West Ham United 2 Leicester City 0: Everybody involved is taking the piss

Leicester City travelled down to the capital having beaten West Ham in each of the clubs’ past three meetings. West Ham had lost each of their past two home games to mid-table sides without scoring. Leicester had a 100% record in London under Ruud van Nistelrooy.

Easy street. Start the car. This was in the bag.


After all, Wolves lost on Tuesday night. Ipswich lost on Wednesday night. It was Boubakary Soumare’s birthday, for heaven’s sake.

Unfortunately, it was also Alphonse Areola and Tomas Soucek’s birthday.

Photo: Iain Wright

Belated changes

Forgive us the detour from reality. This has been a tough season.

Despite many of us having given up hope of staying in the Premier League, there has been an enjoyably morbid curiosity in the team news each week as various overpaid underperformers have kept their places. Anticipation reached fever pitch to see whether Ruud van Nistelrooy would stick with Jordan Ayew and Bobby Decordova-Reid.

As it turned out, Ayew was dropped to the bench and Decordova-Reid stayed in despite only having one shot in 350 minutes of league football since his late equaliser against Brighton.

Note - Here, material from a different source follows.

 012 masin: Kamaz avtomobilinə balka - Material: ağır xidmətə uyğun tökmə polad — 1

Facundo Buonanotte was also in after a lively substitute appearance against Brentford and James Justin returned to the right-back position in place of Woyo Coulibaly, dropped from the squad altogether after being withdrawn at half time against the Bees.

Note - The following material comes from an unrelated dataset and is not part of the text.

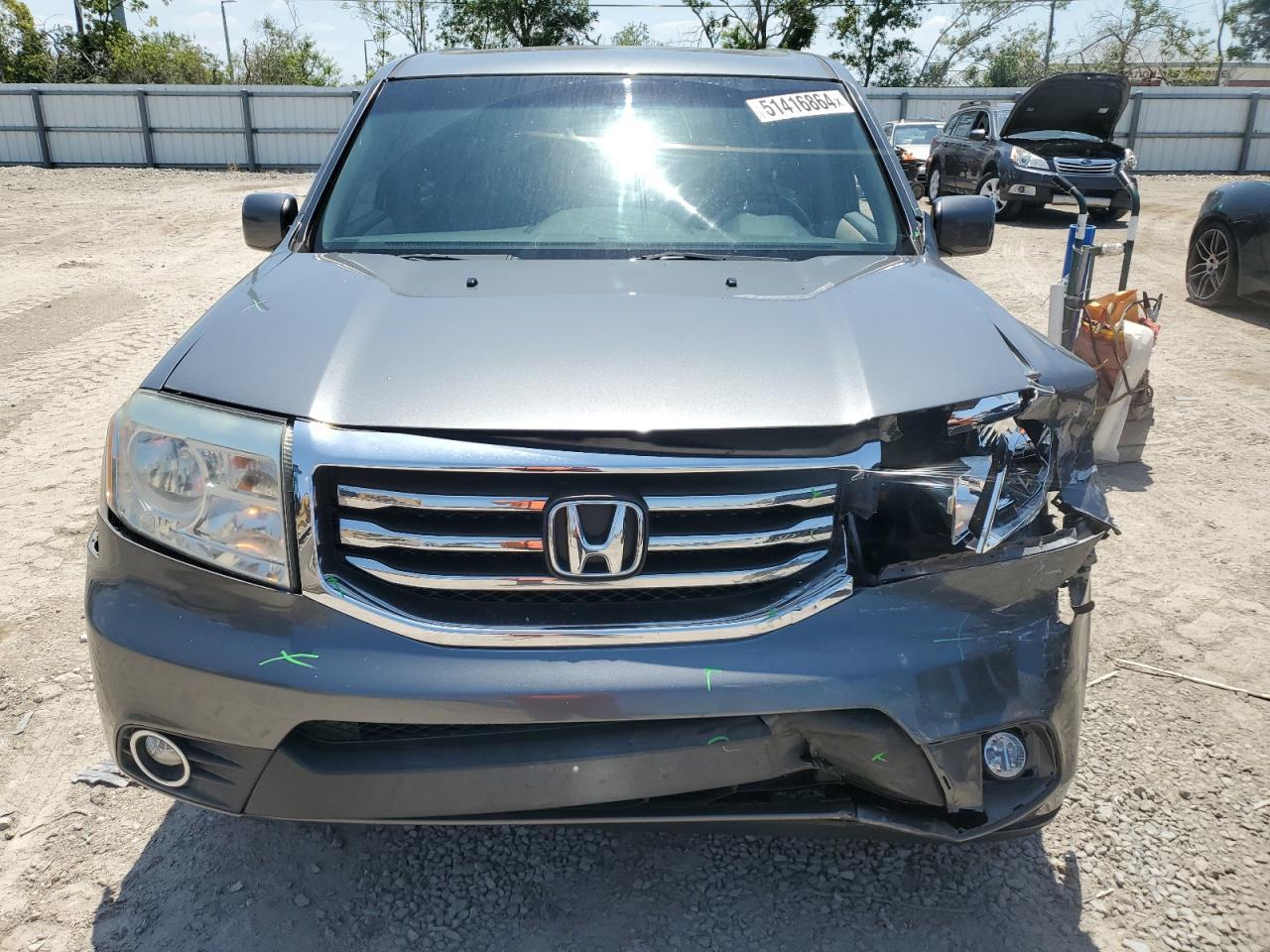 2012 HONDA PILOT EXL - Фото 5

The other change saw Caleb Okoli replaced by Jannik Vestergaard. It’s well established that Leicester have no good centre-back options but to return to the Vestergaard/Faes axis that failed so miserably at Goodison Park seemed a strange move. Especially when, other than the anomaly of the three-man back line under the now departed Ben Dawson at Brentford, Okoli has only been partnered with Faes.

Before arriving at the London Stadium, the centre-back records have seen Vestergaard/Faes concede 16 times in 8 games, Faes/Okoli 22 in 10 and Coady/Vestergaard 17 in 7. There had still only been one clean sheet, fortuitously gained with Faes and Okoli in the side at home to Bournemouth. And only Southampton had conceded more goals.

But West Ham had only scored once from an infamous 31 shots when the two sides met on Filbert Way in van Nistelrooy’s first game in charge. We clutch at such omens in times like these.

Photo: Jamie Barnard

That sparkling first half in full

Leicester won a corner within the first minute and had a shot inside the first two minutes, albeit a weak Wilfred Ndidi effort from long range. And after that opening foray, Leicester barely saw the ball for the next ten minutes.. West Ham soon settled into a rhythm, keeping possession comfortably and switching play from one flank to the other to try to exploit the space outside Victor Kristiansen in particular.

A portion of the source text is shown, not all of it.